= Task description =
This exercise asks for an exact copy of the lines from the one containing "Boston Bruins Hockey" through the final line of the material, with pictures omitted.

┌──

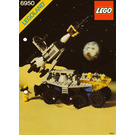 LEGO Mobile Raket Transport 6950 Instructions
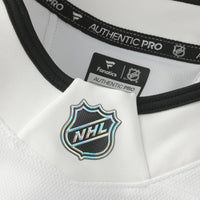 Boston Bruins Hockey Jersey, White Authentic Away Sportswear Jersey Shirt, Long Sleeve Hockey Sweater Jersey, Casual Gift for Men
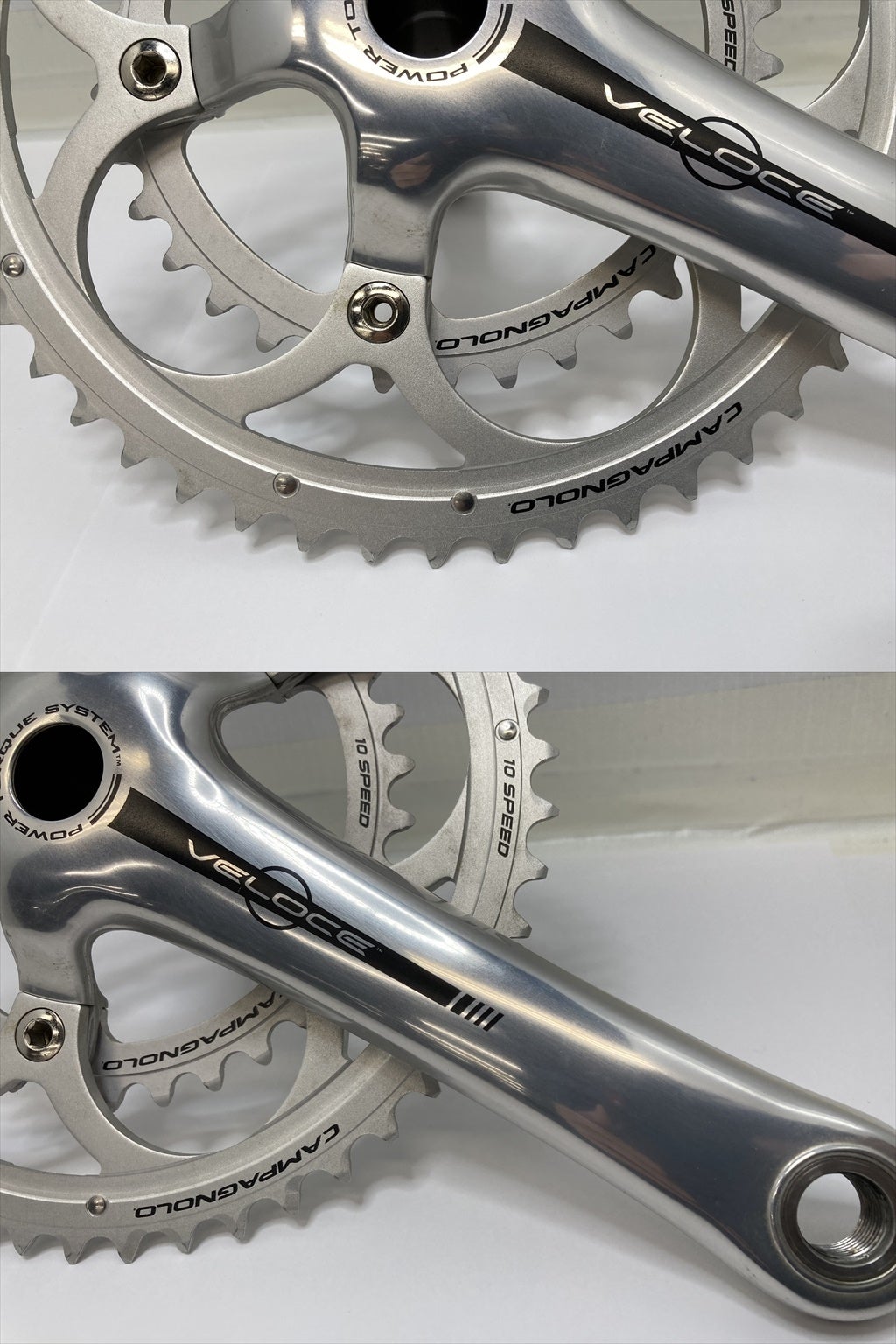 カンパニョーロ CAMPAGNOLO ヴェローチェ VELOCE 50-34T/170mm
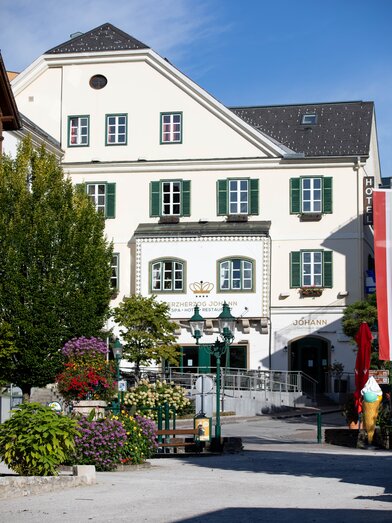 Außenansicht SPA Hotel Erzherzog Johann | © SPA Hotel Erzherzog Johann |  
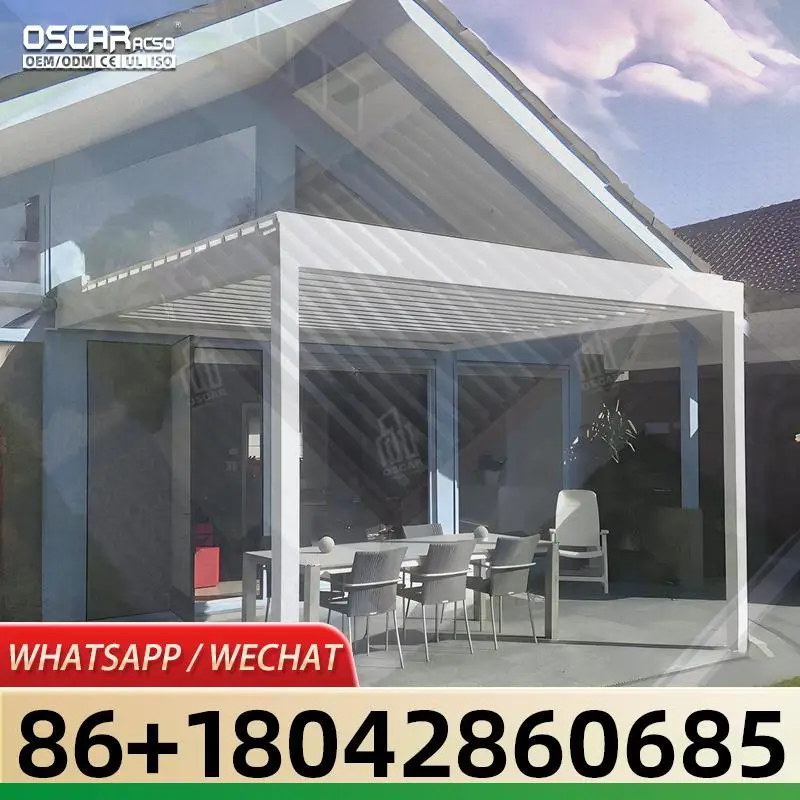 Waterproof Louvered… - image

└──

= Reply to the task =
 Boston Bruins Hockey Jersey, White Authentic Away Sportswear Jersey Shirt, Long Sleeve Hockey Sweater Jersey, Casual Gift for Men
 カンパニョーロ CAMPAGNOLO ヴェローチェ VELOCE 50-34T/170mm
 Außenansicht SPA Hotel Erzherzog Johann | © SPA Hotel Erzherzog Johann |  
 Waterproof Louvered… - image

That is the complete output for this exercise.